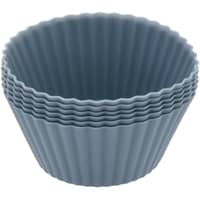 Pecan muffinform 6 stk, 7x3 cm, indigo
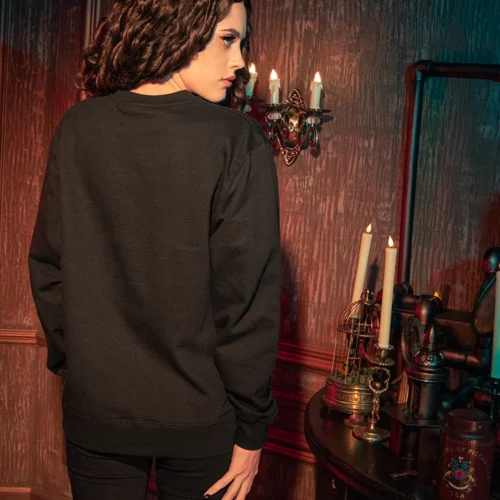 FINAL SALE - CRIMSON PEAK™ Allerdale Hall Sweatshirt In Black -Elegant Ladies Wear Crimson Peak Sweatshirt 1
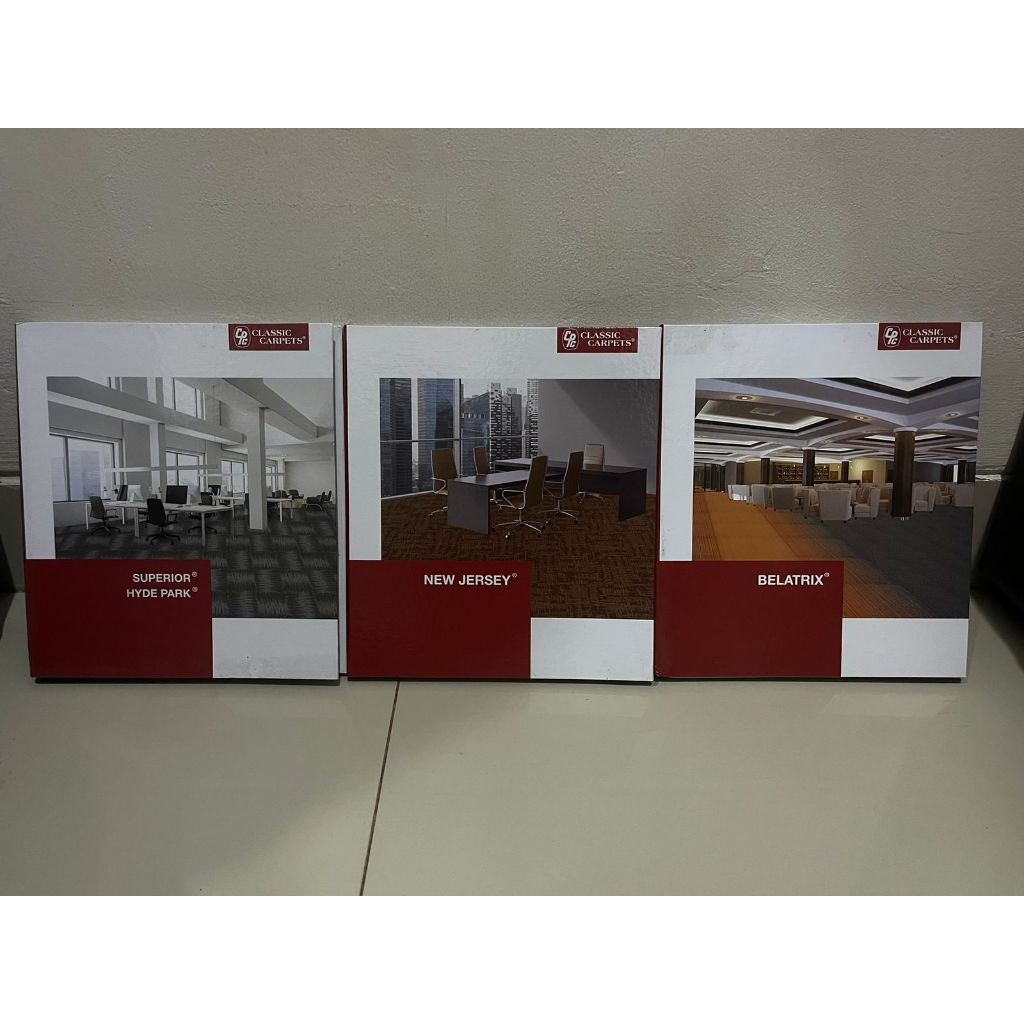 CLASSIC CARPET CATALOG สําหรับ OFFICE และ PUBLIC SPACE - CARPET SAMPLE สําหรับพื้น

-*-*-

PROMPT
Take the listing above and retype it exactly. Its pictures are to be omitted.

YOUR SOLUTION
 Pecan muffinform 6 stk, 7x3 cm, indigo
 FINAL SALE - CRIMSON PEAK™ Allerdale Hall Sweatshirt In Black -Elegant Ladies Wear Crimson Peak Sweatshirt 1
 CLASSIC CARPET CATALOG สําหรับ OFFICE และ PUBLIC SPACE - CARPET SAMPLE สําหรับพื้น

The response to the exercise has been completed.